» WORK INSTRUCTIONS:
Output only the stretch of the listing that starts at the line containing "In the previous" and ends at the line containing "Hello friends, this", reproduced exactly with both ends.

» INPUT:
========

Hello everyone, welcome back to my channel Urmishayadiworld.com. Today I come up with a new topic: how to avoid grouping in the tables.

========

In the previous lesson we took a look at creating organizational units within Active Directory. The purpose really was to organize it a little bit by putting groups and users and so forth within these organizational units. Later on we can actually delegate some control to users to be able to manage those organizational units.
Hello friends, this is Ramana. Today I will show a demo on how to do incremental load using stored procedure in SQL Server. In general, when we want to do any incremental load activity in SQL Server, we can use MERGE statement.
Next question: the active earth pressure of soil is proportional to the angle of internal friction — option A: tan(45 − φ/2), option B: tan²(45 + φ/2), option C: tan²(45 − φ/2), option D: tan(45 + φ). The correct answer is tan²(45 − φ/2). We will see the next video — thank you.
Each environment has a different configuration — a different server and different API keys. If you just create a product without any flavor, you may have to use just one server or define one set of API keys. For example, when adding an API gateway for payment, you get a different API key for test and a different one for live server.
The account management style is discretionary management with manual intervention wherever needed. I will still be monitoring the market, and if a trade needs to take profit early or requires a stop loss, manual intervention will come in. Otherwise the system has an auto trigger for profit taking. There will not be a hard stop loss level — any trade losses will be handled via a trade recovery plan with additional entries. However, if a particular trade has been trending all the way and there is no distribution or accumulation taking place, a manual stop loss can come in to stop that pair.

========

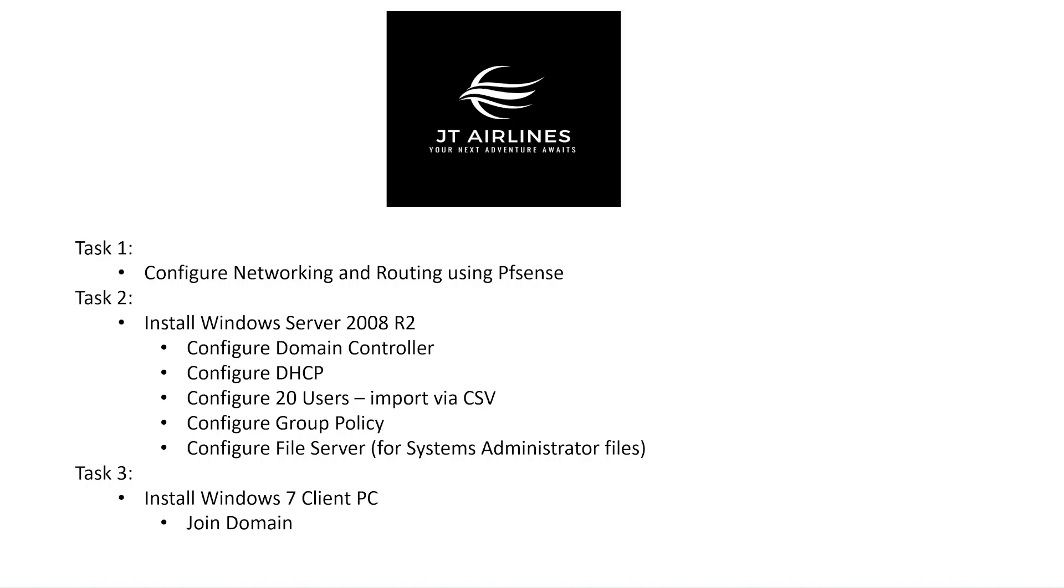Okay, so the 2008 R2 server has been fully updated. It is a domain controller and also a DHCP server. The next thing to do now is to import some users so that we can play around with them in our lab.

========

» SOLUTION TO THE EXERCISE:
In the previous lesson we took a look at creating organizational units within Active Directory. The purpose really was to organize it a little bit by putting groups and users and so forth within these organizational units. Later on we can actually delegate some control to users to be able to manage those organizational units.
Hello friends, this is Ramana. Today I will show a demo on how to do incremental load using stored procedure in SQL Server. In general, when we want to do any incremental load activity in SQL Server, we can use MERGE statement.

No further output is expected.